Case ID: neb_112/html/0210-02.html
Source: Caselaw Access Project
Author: {"author": "Blackledge, District Judge.", "license": "Public Domain", "url": "https://static.case.law/"}
Date Created: 2024-08-24T03:29:51.129683

Amos Brown, appellee, v. Stroud & Company, appellant.
    Filed May 26, 1924.
    No. 22721.
    Corporations: Sale of Stock: Agreement for Refund.

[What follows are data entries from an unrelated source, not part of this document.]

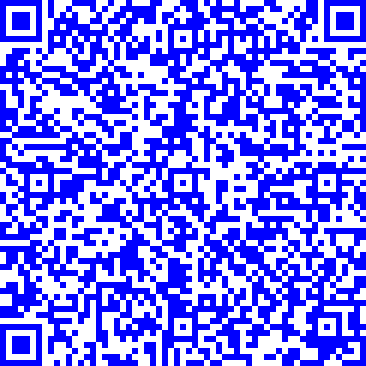 Qr Code du site https://www.sospc57.com/depannage-ordinateur-de-bureau-a-domicile/1075-reparation-ordinateur-de-bureau-domicile-bettange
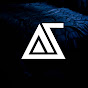 Axiom Sounds Avatar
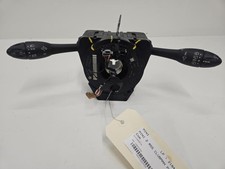 Commodo Mini MINI CLUBMAN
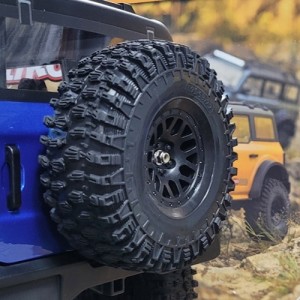[TOYMIX] YK4083 ����� Ÿ�̾�(4083 ���� ����) 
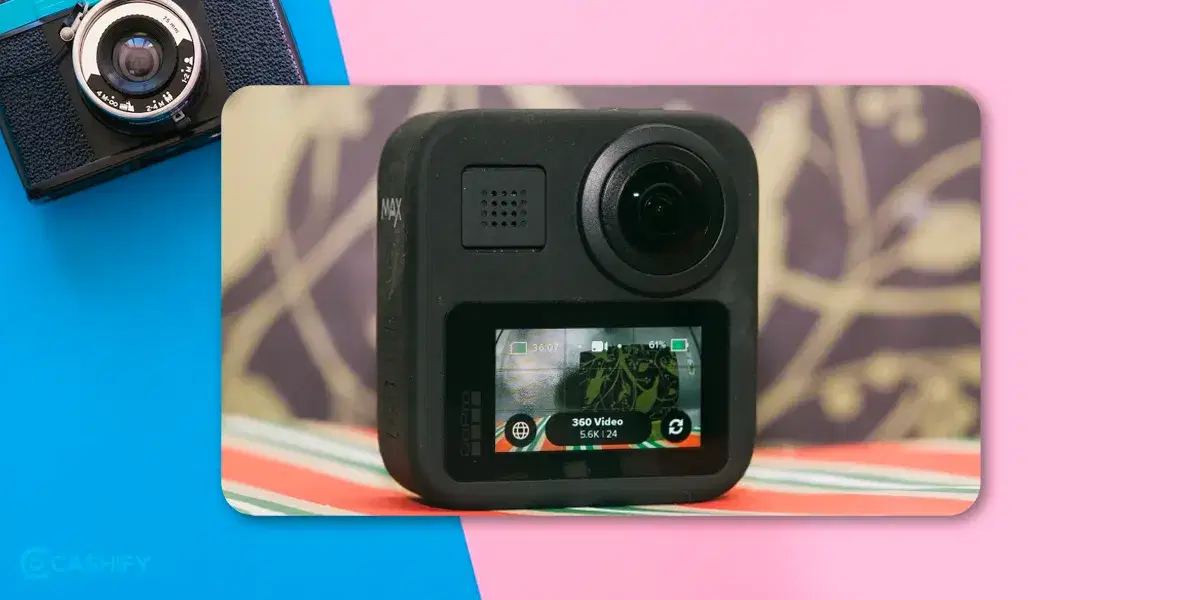 360-degree-camera-vs-action-camera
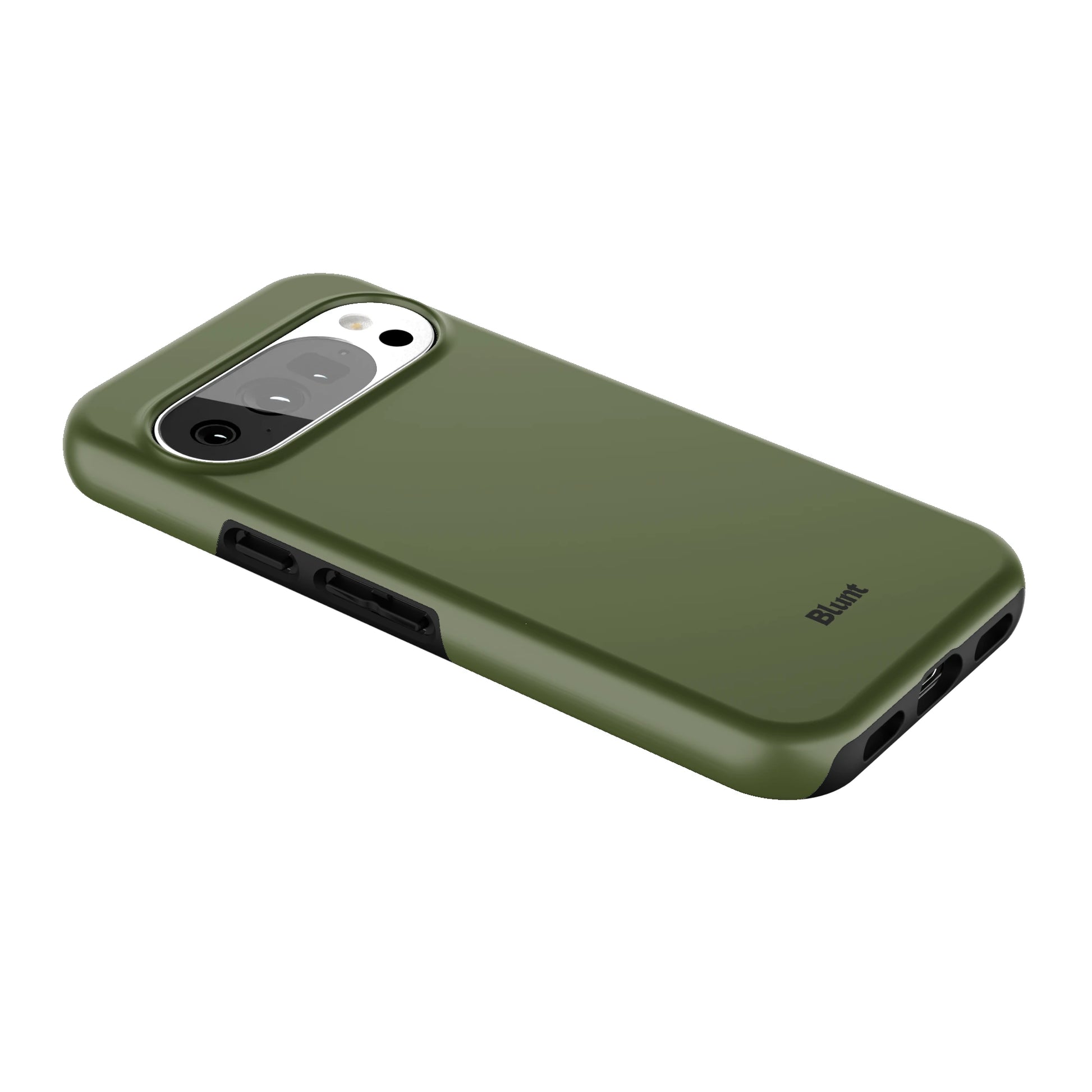 Pixel_10_Pixel_10_Pro_2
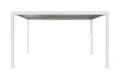 pergola-ogrodowa-tarasowa-3-x-4-m-regulowany-dach-biala-marka-jumi-front.webp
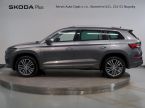 Škoda Kodiaq - fotka číslo 2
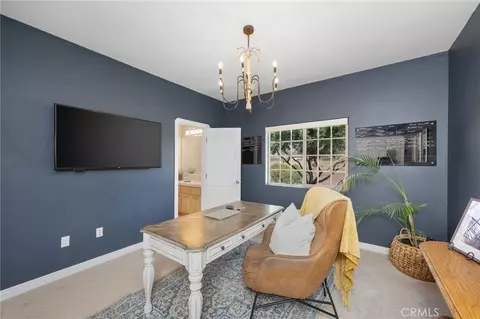 Other - 2242 Dolores Pl, Acton, CA 93510 photo 8 of 13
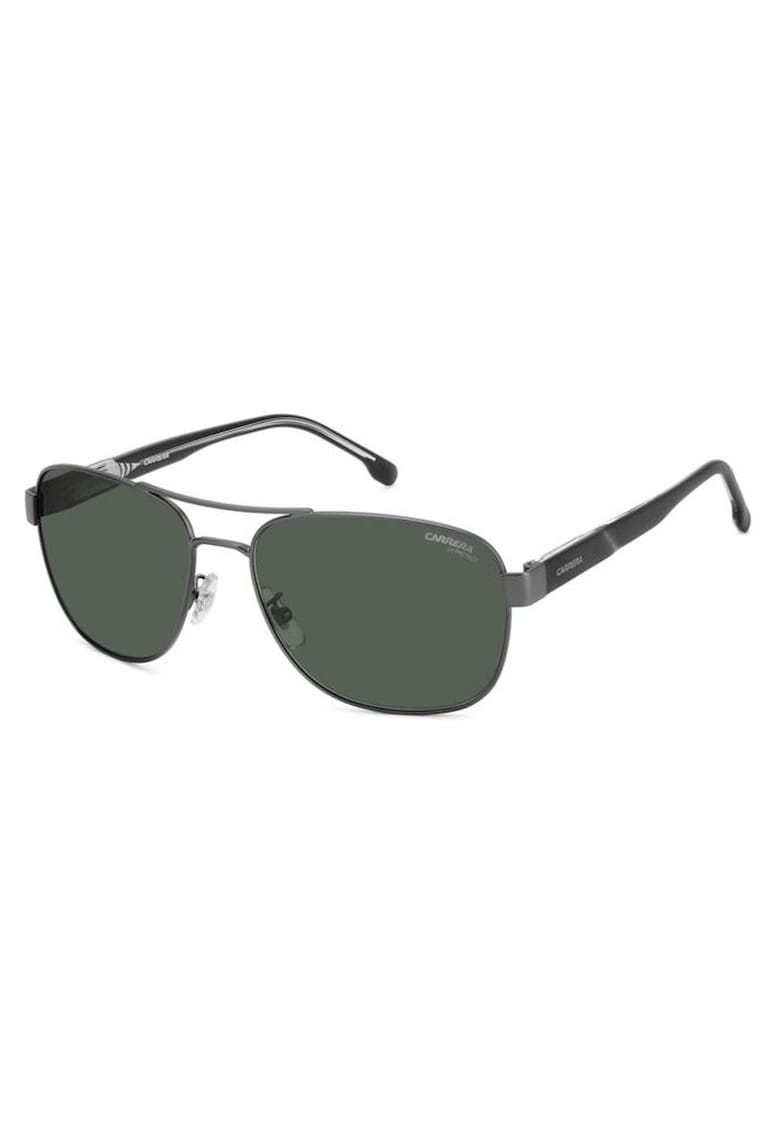 Ochelari de soare C FLEX 02/G/S R80/QT 60 - Marime 60 mm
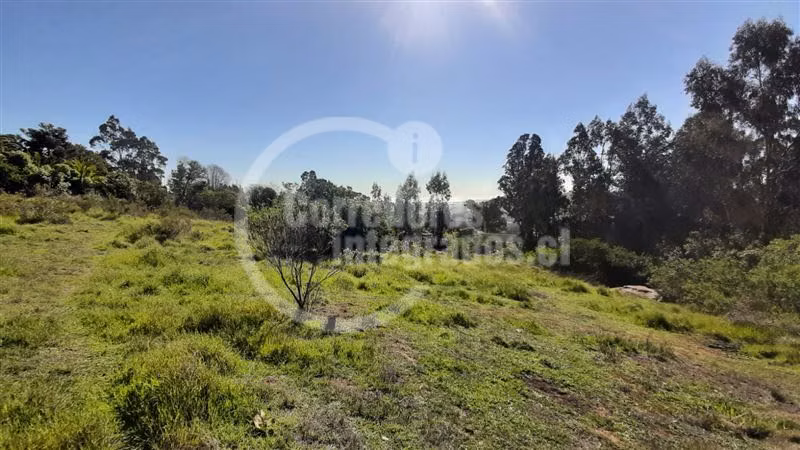 Parcela en venta en San Antonio - Imagen 5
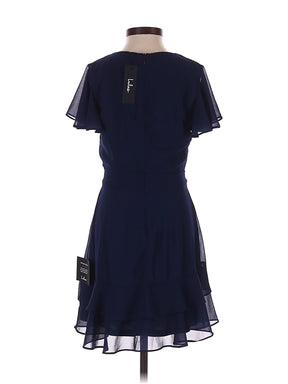 2 size - XS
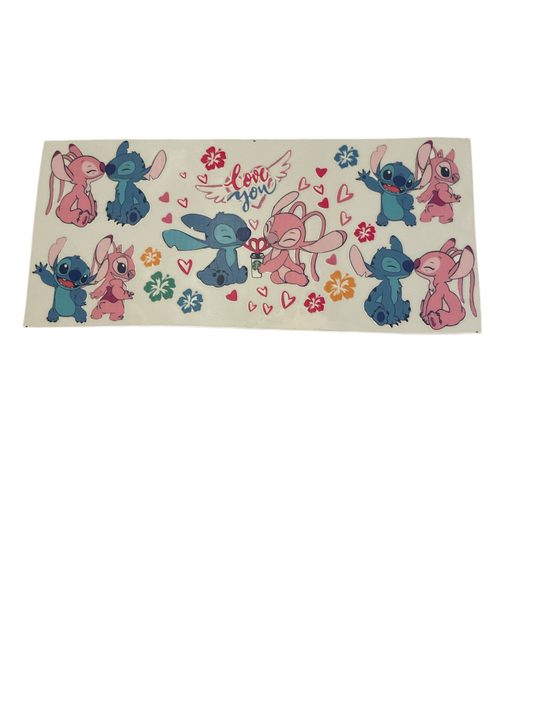 #178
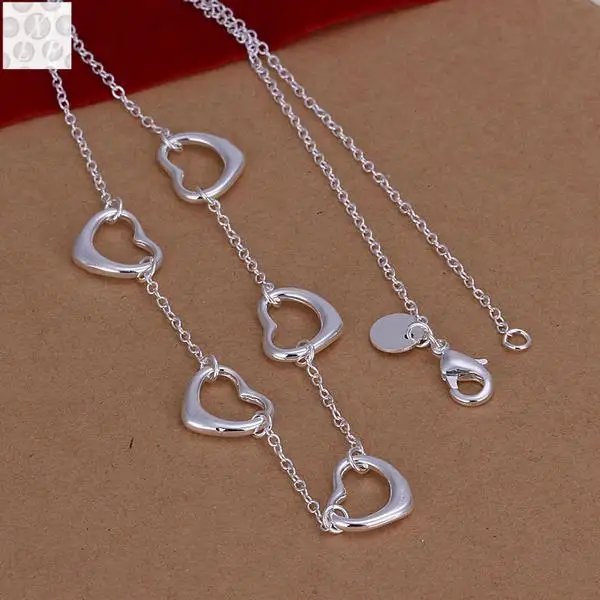 N121 Лидер продаж абсолютно новые модные драгоценности | Украшения и аксессуары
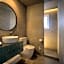 Aqua Hotel Bertran Park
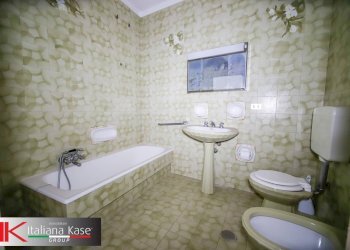 Foto 31 - Casa semi indipendente Cuceglio - foto 31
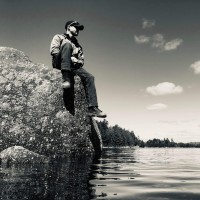 bNetworked Employee Brandon Ring's profile photo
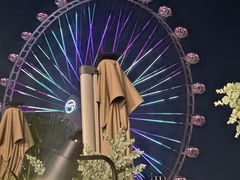 -故里和山·成都火锅(欢乐港湾店)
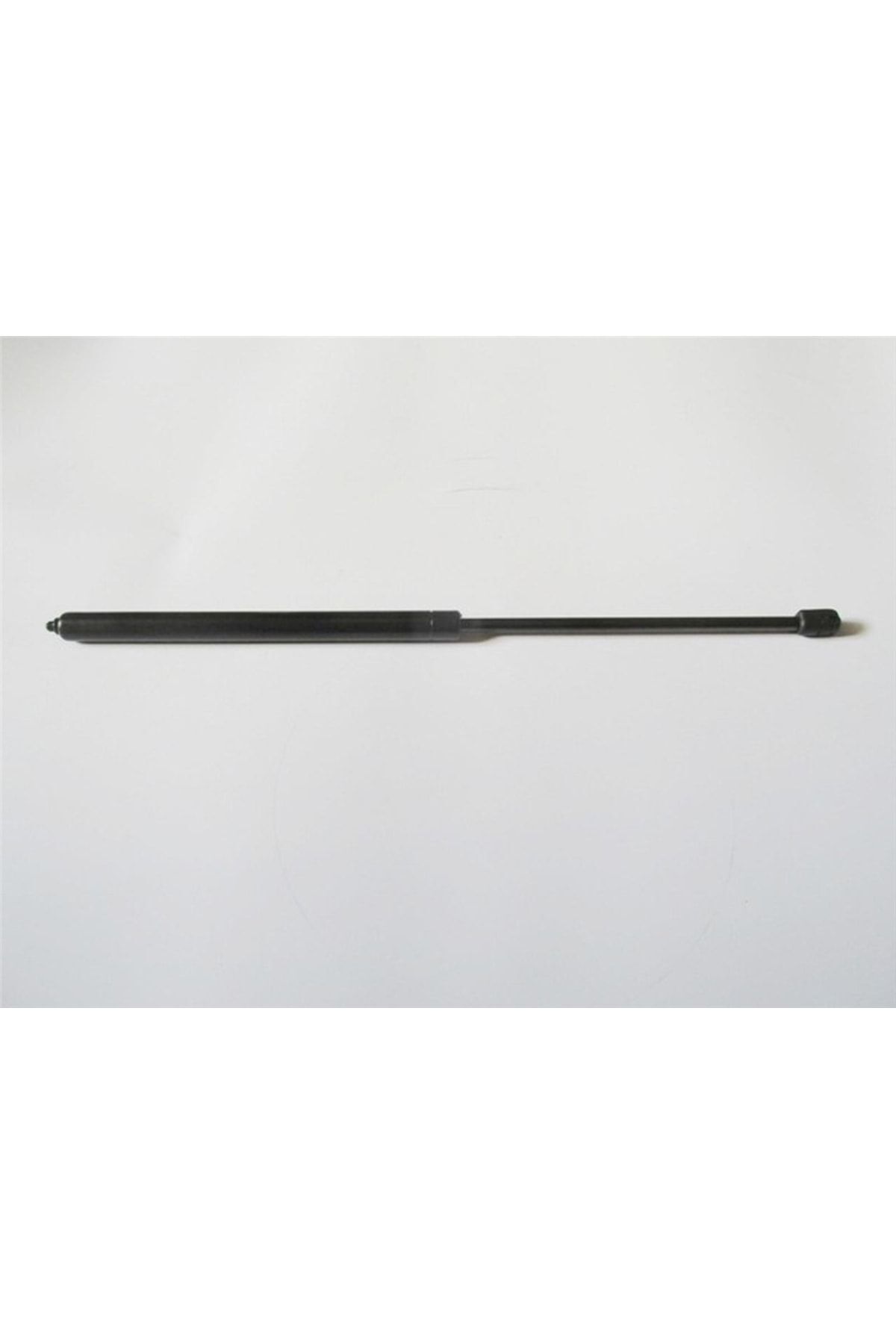 Jeep Cherokee 97/01 Bagaj Amortisörü (54.5cm) Sağ/sol Aynı Adet (Tuff Support)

Where the fiscal agent of a corporation procures to be executed a stock subscription contract and, as part of the same transaction, executes in the name of the company a written agreement to refund under certain conditions the amount paid for the stock, the corporation, if it with notice of such agreement accepts and retains the consideration, is bound thereby, notwithstanding the subscription contract had printed therein a provision that no conditions or agreements other than those printed therein shall be binding upon the company.
    Appeal from the district court for Buffalo county: Bruno O. Hostetler, Judge.
    
      Affirmed.
    
    
      William Baird & Sons, for appellant.
    
      Nye, Worlock & Nye and N. P. McDonald, contra.
    
    Heard before Morrissey, C. J., Letton and Day, JJ., Blackledge and Redick, District Judges.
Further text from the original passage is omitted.